Leaving the images behind, copy every line of the records exactly.

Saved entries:
....
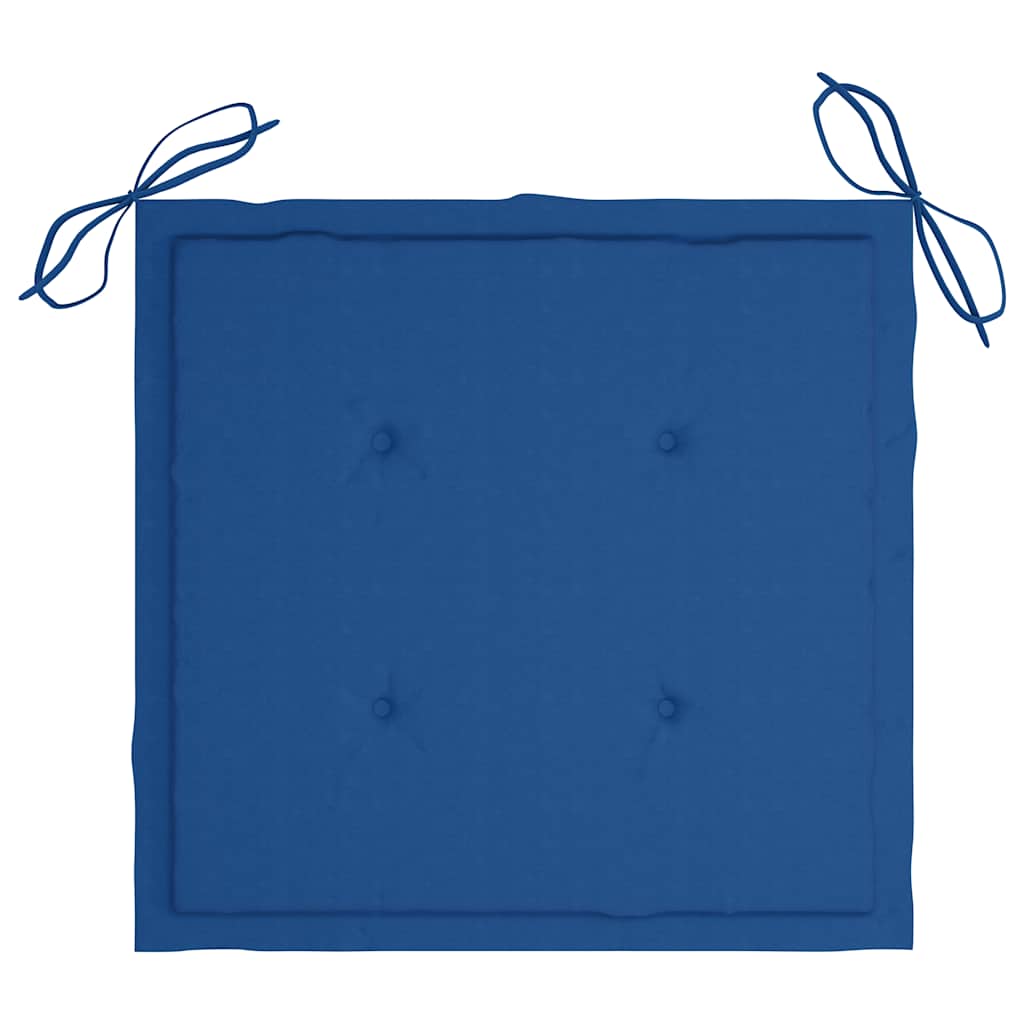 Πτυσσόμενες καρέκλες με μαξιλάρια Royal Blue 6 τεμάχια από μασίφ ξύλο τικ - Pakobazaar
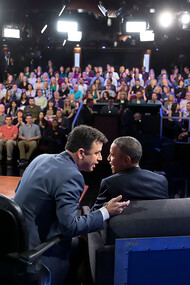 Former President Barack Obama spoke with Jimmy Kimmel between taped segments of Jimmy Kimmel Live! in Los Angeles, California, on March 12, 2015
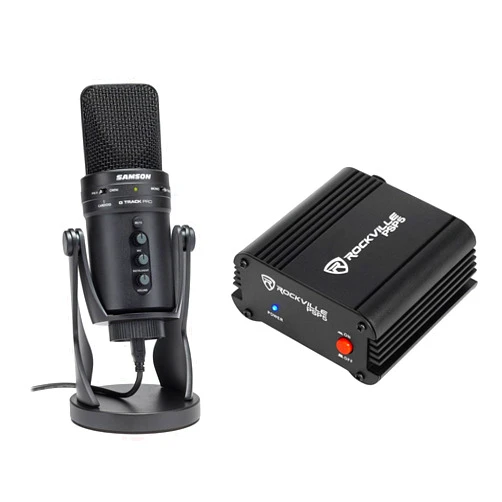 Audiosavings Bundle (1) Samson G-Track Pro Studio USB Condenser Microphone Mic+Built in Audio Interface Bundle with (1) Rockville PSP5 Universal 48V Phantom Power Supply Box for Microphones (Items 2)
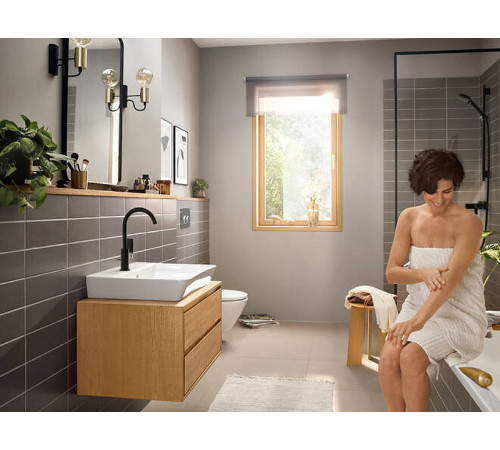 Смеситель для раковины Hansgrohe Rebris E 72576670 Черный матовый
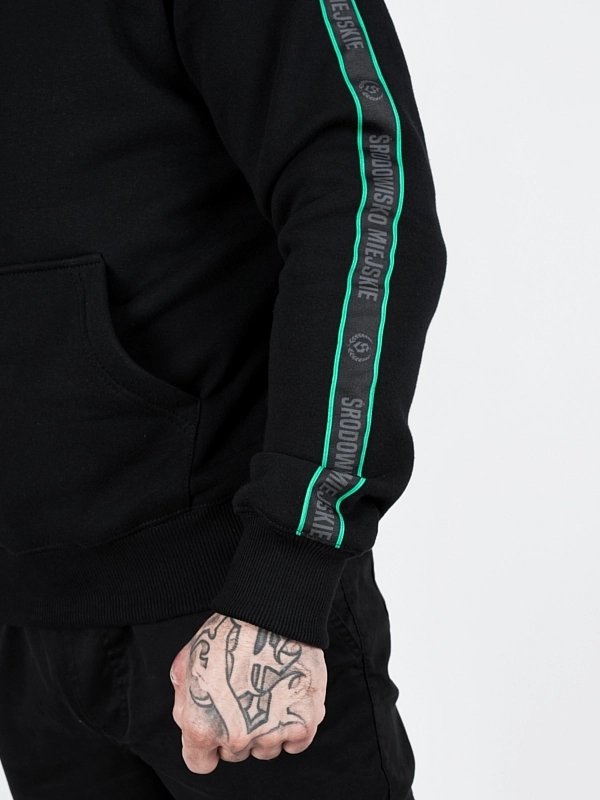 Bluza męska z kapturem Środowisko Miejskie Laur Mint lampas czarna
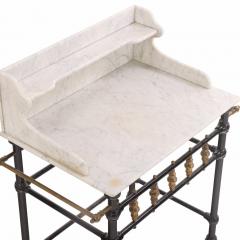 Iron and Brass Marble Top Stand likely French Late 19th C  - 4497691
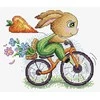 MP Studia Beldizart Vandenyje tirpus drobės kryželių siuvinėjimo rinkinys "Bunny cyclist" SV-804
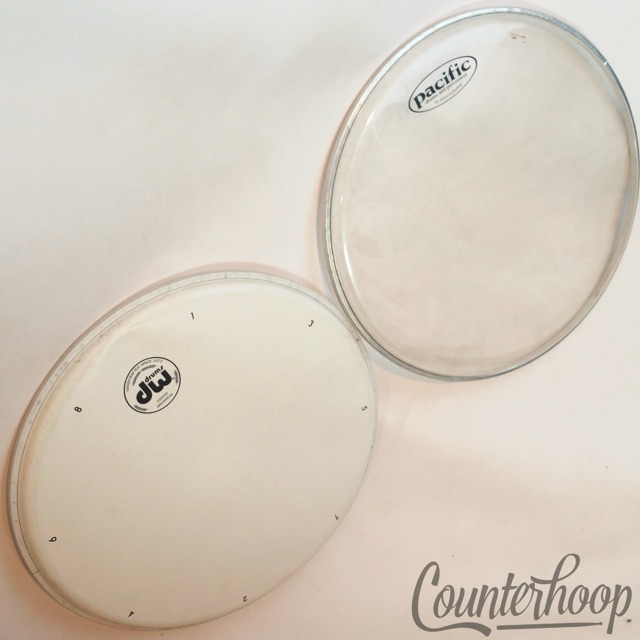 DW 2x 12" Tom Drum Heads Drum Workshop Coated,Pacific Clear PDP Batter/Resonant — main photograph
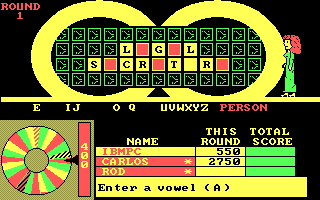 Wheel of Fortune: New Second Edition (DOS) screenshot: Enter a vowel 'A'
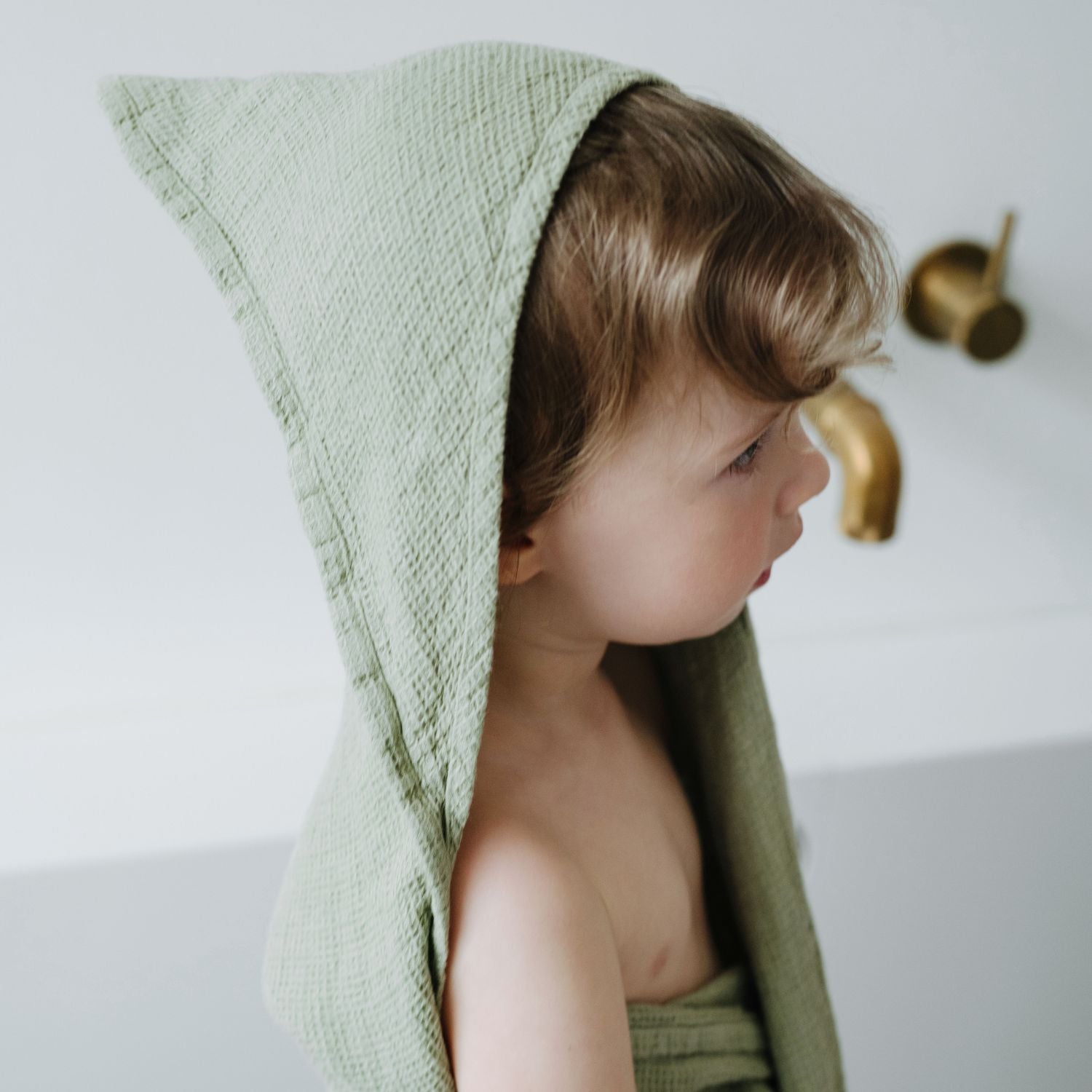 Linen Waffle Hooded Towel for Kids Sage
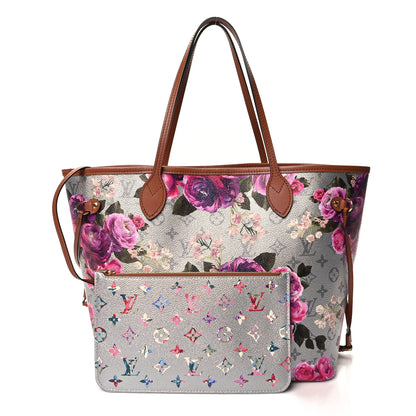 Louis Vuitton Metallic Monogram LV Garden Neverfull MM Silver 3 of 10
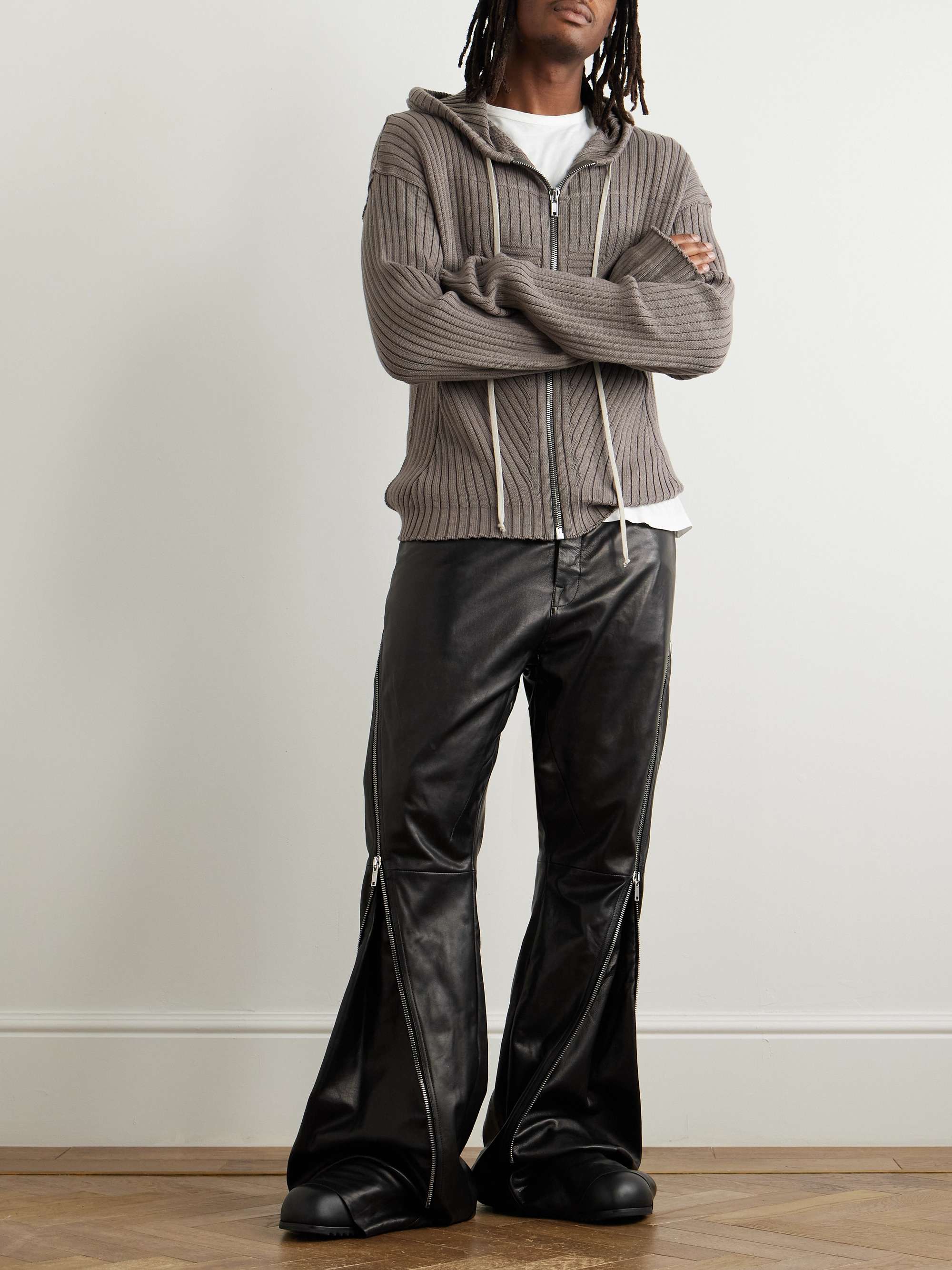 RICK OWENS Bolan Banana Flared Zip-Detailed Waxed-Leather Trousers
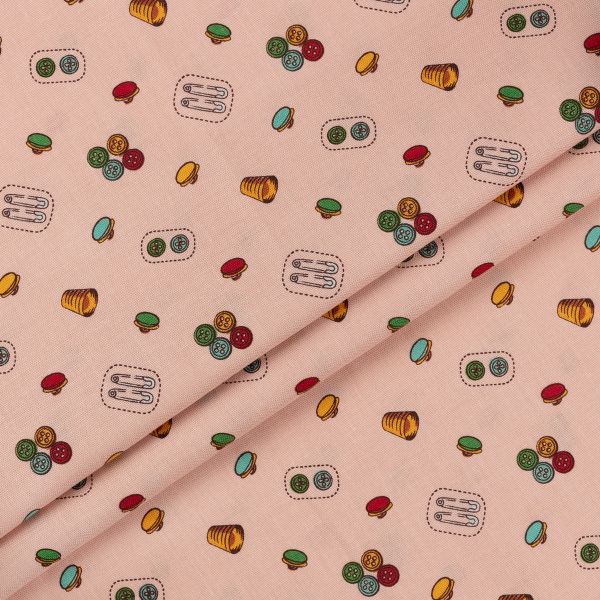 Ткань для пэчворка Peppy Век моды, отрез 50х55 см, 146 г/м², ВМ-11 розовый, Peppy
....
**Answer to the problem**
 Πτυσσόμενες καρέκλες με μαξιλάρια Royal Blue 6 τεμάχια από μασίφ ξύλο τικ - Pakobazaar
 Former President Barack Obama spoke with Jimmy Kimmel between taped segments of Jimmy Kimmel Live! in Los Angeles, California, on March 12, 2015
 Audiosavings Bundle (1) Samson G-Track Pro Studio USB Condenser Microphone Mic+Built in Audio Interface Bundle with (1) Rockville PSP5 Universal 48V Phantom Power Supply Box for Microphones (Items 2)
 Смеситель для раковины Hansgrohe Rebris E 72576670 Черный матовый
 Bluza męska z kapturem Środowisko Miejskie Laur Mint lampas czarna
 Iron and Brass Marble Top Stand likely French Late 19th C  - 4497691
 MP Studia Beldizart Vandenyje tirpus drobės kryželių siuvinėjimo rinkinys "Bunny cyclist" SV-804
 DW 2x 12" Tom Drum Heads Drum Workshop Coated,Pacific Clear PDP Batter/Resonant — main photograph
 Wheel of Fortune: New Second Edition (DOS) screenshot: Enter a vowel 'A'
 Linen Waffle Hooded Towel for Kids Sage
 Louis Vuitton Metallic Monogram LV Garden Neverfull MM Silver 3 of 10
 RICK OWENS Bolan Banana Flared Zip-Detailed Waxed-Leather Trousers
 Ткань для пэчворка Peppy Век моды, отрез 50х55 см, 146 г/м², ВМ-11 розовый, Peppy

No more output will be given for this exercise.